2.2.1.2. Structure of the Programmes
There are no special regulations here other than that the programmes should suit the participants, but the problem of teacher substitution in schools causes INSET courses to be generally short. They may vary in length from a half-day to three or four days.
2.2.1.3. Practical Training
There is no such requirement or provision. Once a teacher always a teacher! There is not even a formal system of guidance for beginning teachers. INSET programmes tend to be knowledge-orientated rather than skills-orientated.
2.2.1.4 Impact of EU Programmes
In view of the non-committal nature of INSET, less than 1 per cent of practising teachers have taken part in EU professional development schemes. Of these LINGUA proved the most successful.
2.2.2. At Non-University Level
2.2.2.1. The Curriculum
The polytechnics and Colleges of Higher Education provide state-of-the-art surveys on language and literature at Grade-Two level, along with courses on developments in teaching methodology, educational theory and classroom management. They also provide INSET for primary school teachers. The quality of the courses varies, practical applicability is limited, and there is little or no relationship to initial training (Zwarts, 1996:235).
2.2.2.2. Structure of the Programmes
See observations under 2.2.1.2.
2.2.2.3. Practical Training
See observations under 2.2.1.3.
2.2.2.4. Impact of EU Programmes
On the whole teachers have not availed themselves of the opportunities for their professional development offered by EU Programmes (see 2.2.1.4). However, most Colleges of Higher Education took part in Erasmus ICP's which enabled them to establish contacts with other European Colleges of Higher Education to collaborate on the provision of INSET with an international dimension (Vroegop, 1996:10).

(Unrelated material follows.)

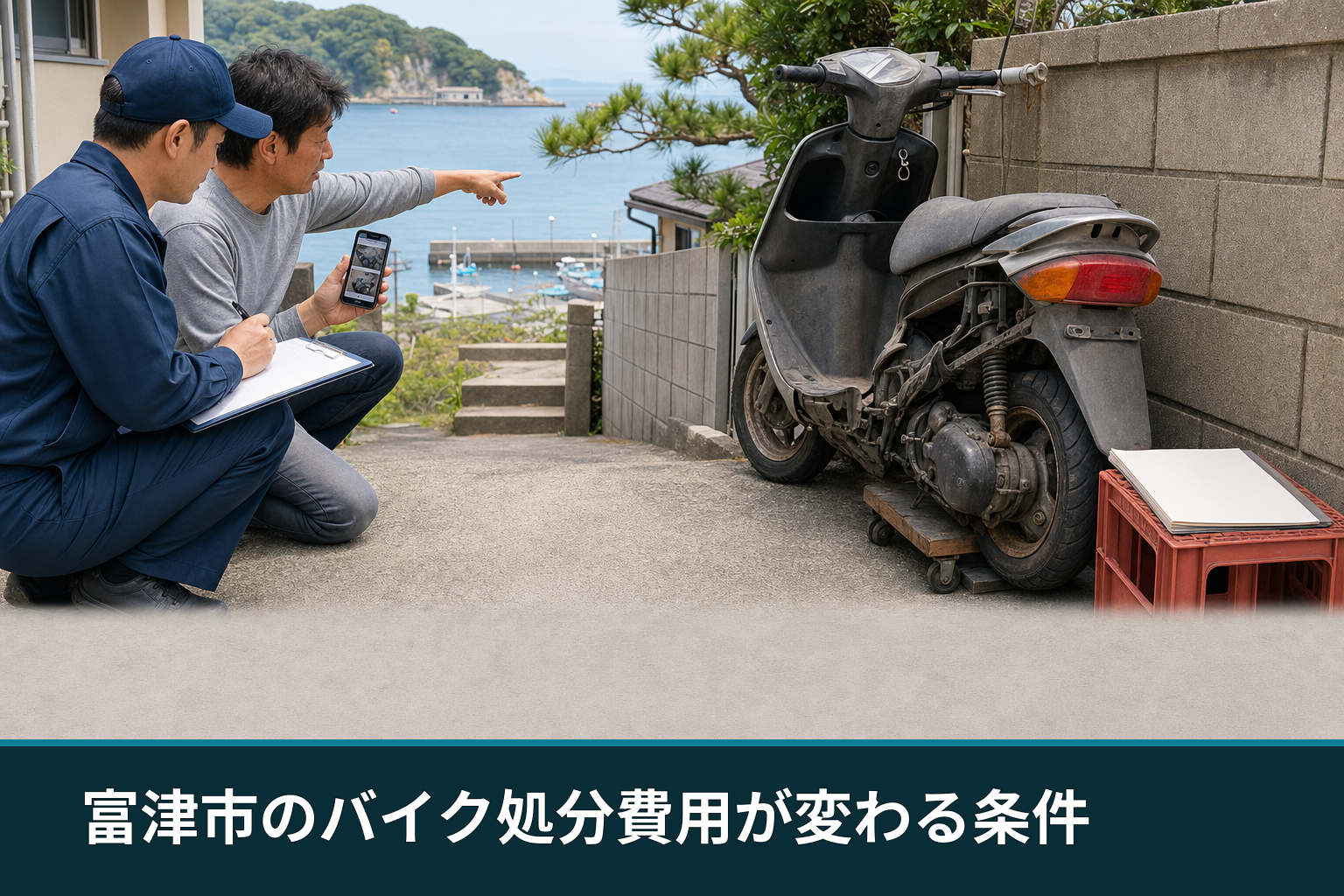 富津市のバイク処分費用が変わる条件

3. NEW DEVELOPMENTS IN THE AREA OF LANGUAGE TEACHING AND LANGUAGE TEACHER TRAINING IN RELATION TO BILINGUAL EDUCATION
Mainstream foreign-language teaching, in which the foreign language concerned is both the object and the medium of instruction, constitutes some 98 per cent of foreign-language education in the Netherlands. Language teacher training colleges have to cater for the needs of teachers at these schools and the training programmes are a reflection of this. They are, at least officially, largely communication-orientated but classroom practice not seldom presents a different picture (cf. Withagen et al., 1996). The current system of teacher education dates from the mid-seventies and early eighties but is under constant review as a result of both changing educational policies and constant cuts in public spending (and therefore in staff). This requires a lot of flexibility of all people involved in the teaching operation and 'flexibility' has therefore become a catchword in educational circles. At the same time flexibility has its limits and many teachers are showing signs of mental fatigue. As a result innovation is suffering, among classroom teachers as well as teacher educators.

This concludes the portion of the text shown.